> **Source records**
------------------------------------------------

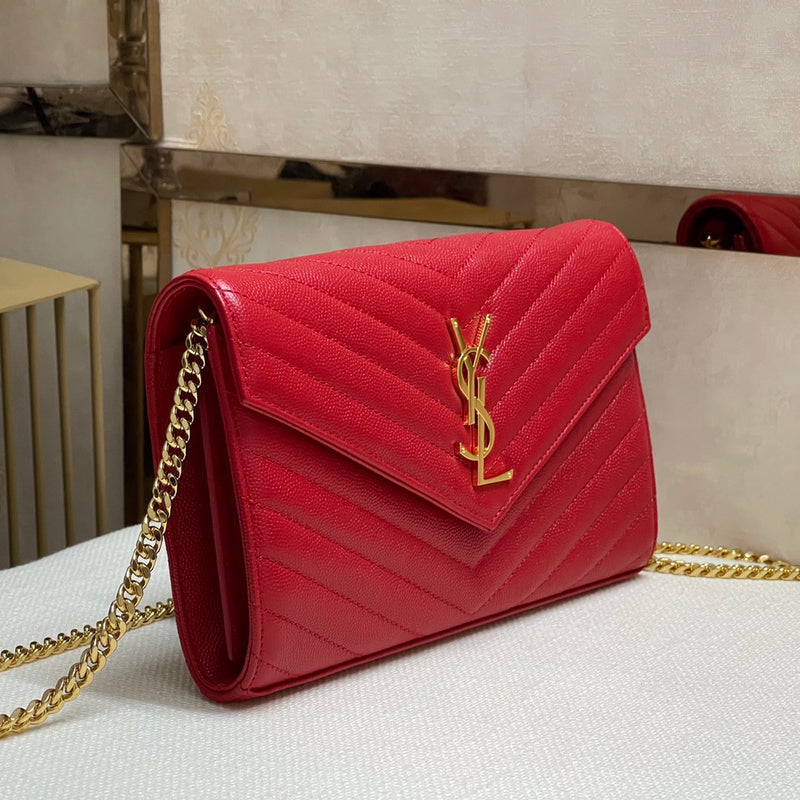 Satchel Bags - SLY Bags - 2639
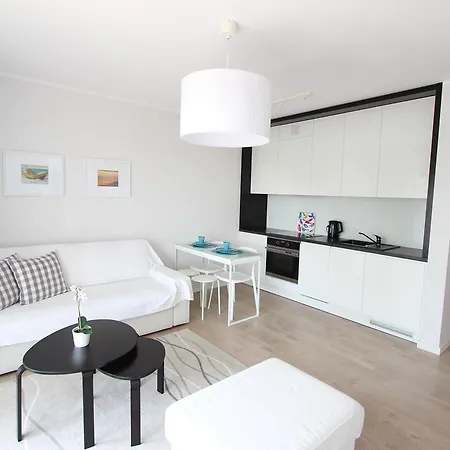 Apartment Rezydencja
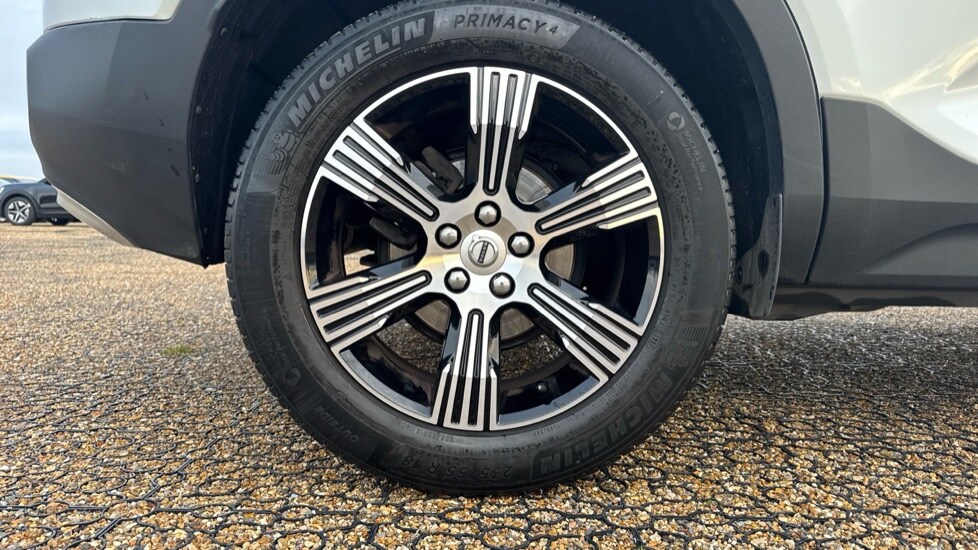 Used Volvo XC40 2021 for sale - 76999338: Photo 24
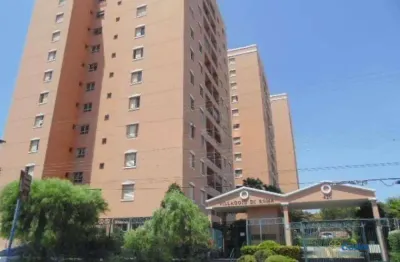 Apartamento com 3 dormitórios à venda, 74 m² por R$ 310.000,00 - Estados Unidos - Uberaba/MG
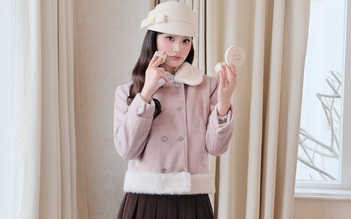 Muốn trẻ hơn 10 tuổi, hãy bắt đầu từ những bản phối ngọt ngào này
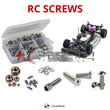 J-M SUPPLIES RC Parts Store - RCScrewZ Stainless Steel Screw Kit mug021 for Mugen Seiki MTX-5 RC Car | PRO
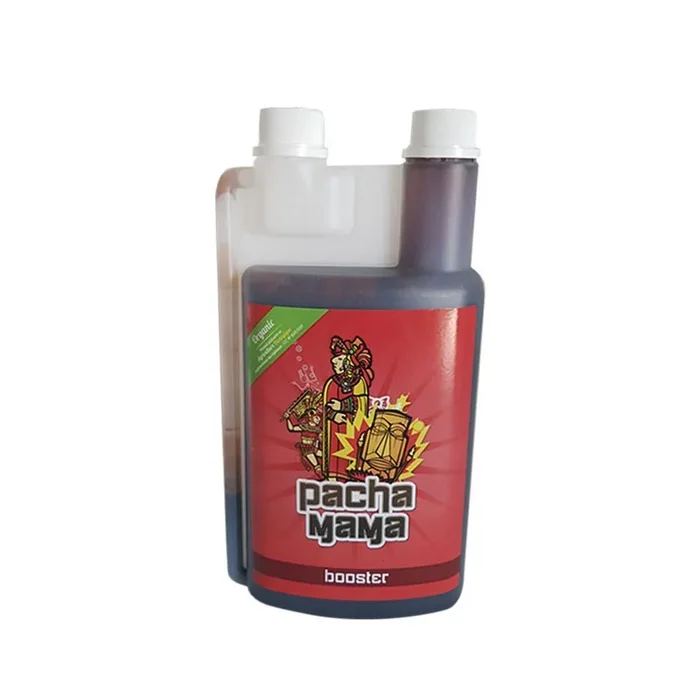 Vaalserberg – Pachamama Booster – Blüte-Booster – 250ml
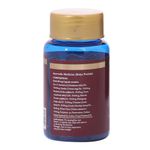 Buy Neem Ayu Anti Dandruff Ayurvedic Capsules | Made with Ayurvedic ingredients | Anantmool, Haridra, Manjistha, Neem, Bakuchi, Bhringraja, Chirayata, Katuki | Helps in Reducing Dandruff | 60 N - Purplle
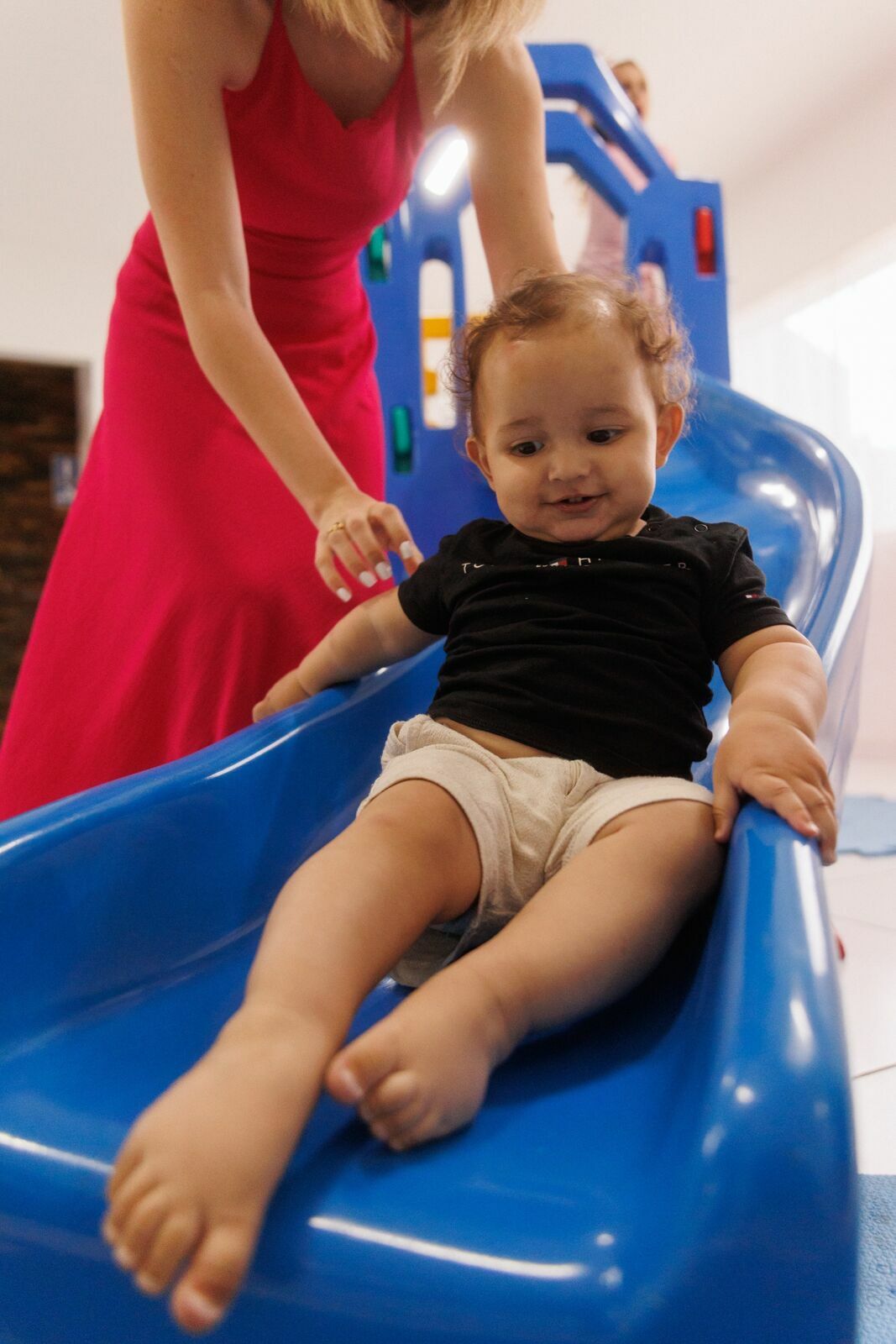 Foto Aniversário de 1 ano do Benício no Festerê Joinville - Imagem 21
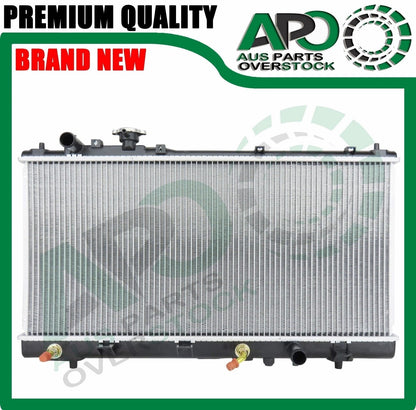 Radiator For Ford Laser KN / KQ Auto Manual 1999-9/2002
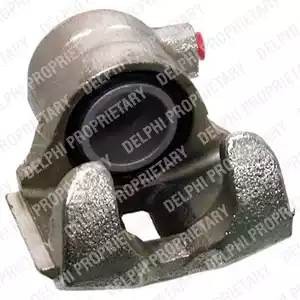Тормозной суппорт LC3532 DELPHI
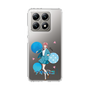スリムプロテクションケース［ アオのハコ - 蝶野 雛 ］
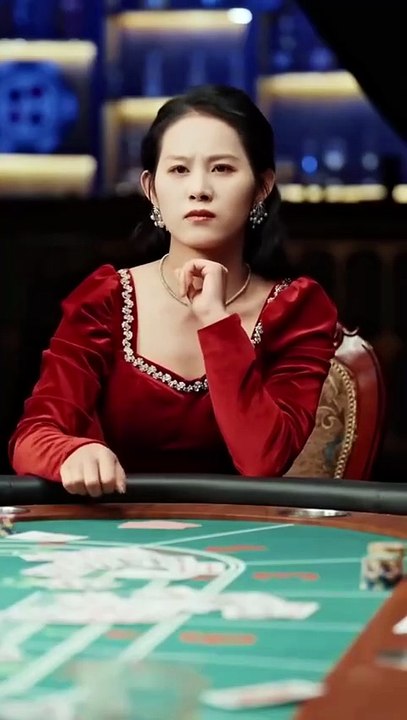 This Chef He's Gambling King Englishsub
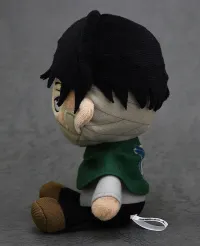 GOOD SMILE COMPANY Attack on Titan Wounded Levi Plushie - Attack on Titan - photo 3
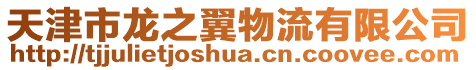 天津市龍之翼物流有限公司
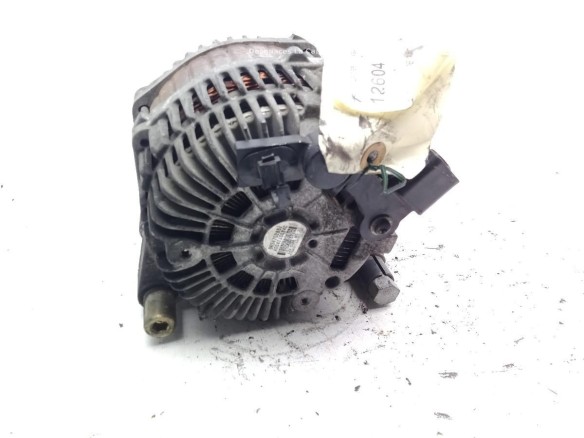CL18,9654752880, ALTERNADOR CITROEN C5 II (RC_)|Desguaces La Cabaña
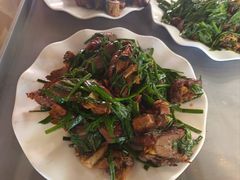 -朗记餐厅·传统湛江菜(康宁路店)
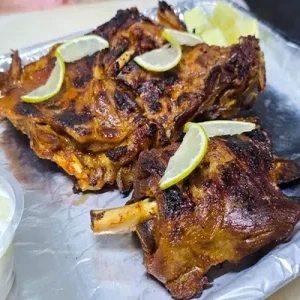 mutton-ribs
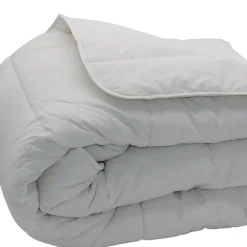Couette Chaude Coton Percale à Bouillir - 2 Personnes 220x240 - 12620>Mortreux Sale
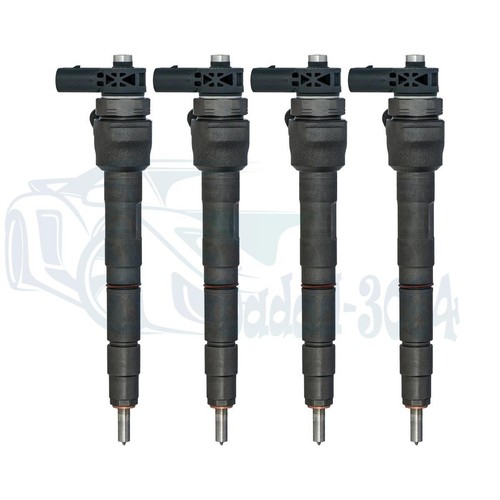 06G906036N-Fuel Injectors Suitable for EA888 three generations 2.0T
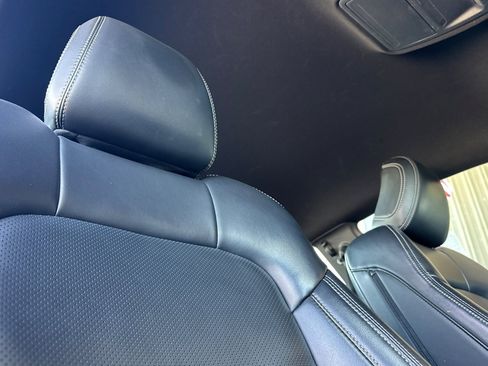 Used 2024 Ford Mustang Premium image 16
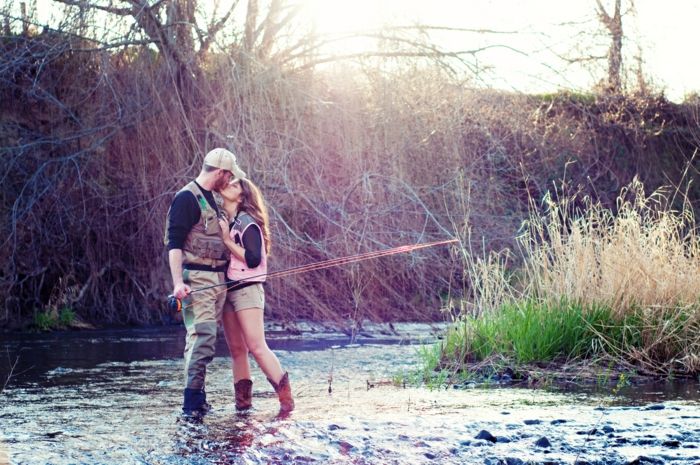 Podajte návrh na manželstvo - na exkurzii dajte zásnubný prsteň Návrh na manželstvo-nápady-ísť-rybárčiť-prsteň-rybárčiť-pripojiť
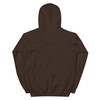 Granite State BMX Chainring Unisex Hoodie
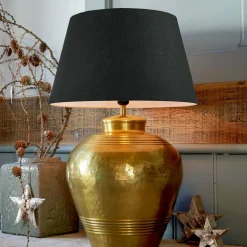 Tischlampen|Tischlampen^LOBERON Tischlampe Brisanta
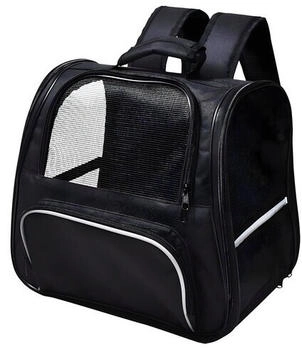 Nobby Rucksack Heba schwarz für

------------------------------------------------

> **Assignment**
Could you set down every record above exactly as written, leaving out the pictures?

> **Task answer**
 Satchel Bags - SLY Bags - 2639
 Apartment Rezydencja
 Used Volvo XC40 2021 for sale - 76999338: Photo 24
 Apartamento com 3 dormitórios à venda, 74 m² por R$ 310.000,00 - Estados Unidos - Uberaba/MG
 Muốn trẻ hơn 10 tuổi, hãy bắt đầu từ những bản phối ngọt ngào này
 J-M SUPPLIES RC Parts Store - RCScrewZ Stainless Steel Screw Kit mug021 for Mugen Seiki MTX-5 RC Car | PRO
 Vaalserberg – Pachamama Booster – Blüte-Booster – 250ml
 Buy Neem Ayu Anti Dandruff Ayurvedic Capsules | Made with Ayurvedic ingredients | Anantmool, Haridra, Manjistha, Neem, Bakuchi, Bhringraja, Chirayata, Katuki | Helps in Reducing Dandruff | 60 N - Purplle
 Foto Aniversário de 1 ano do Benício no Festerê Joinville - Imagem 21
 Radiator For Ford Laser KN / KQ Auto Manual 1999-9/2002
Тормозной суппорт LC3532 DELPHI
スリムプロテクションケース［ アオのハコ - 蝶野 雛 ］
 This Chef He's Gambling King Englishsub
 GOOD SMILE COMPANY Attack on Titan Wounded Levi Plushie - Attack on Titan - photo 3
 天津市龍之翼物流有限公司
CL18,9654752880, ALTERNADOR CITROEN C5 II (RC_)|Desguaces La Cabaña
 -朗记餐厅·传统湛江菜(康宁路店)
 mutton-ribs
Couette Chaude Coton Percale à Bouillir - 2 Personnes 220x240 - 12620>Mortreux Sale
 06G906036N-Fuel Injectors Suitable for EA888 three generations 2.0T
 Used 2024 Ford Mustang Premium image 16
 Podajte návrh na manželstvo - na exkurzii dajte zásnubný prsteň Návrh na manželstvo-nápady-ísť-rybárčiť-prsteň-rybárčiť-pripojiť
 Granite State BMX Chainring Unisex Hoodie
 Tischlampen|Tischlampen^LOBERON Tischlampe Brisanta
 Nobby Rucksack Heba schwarz für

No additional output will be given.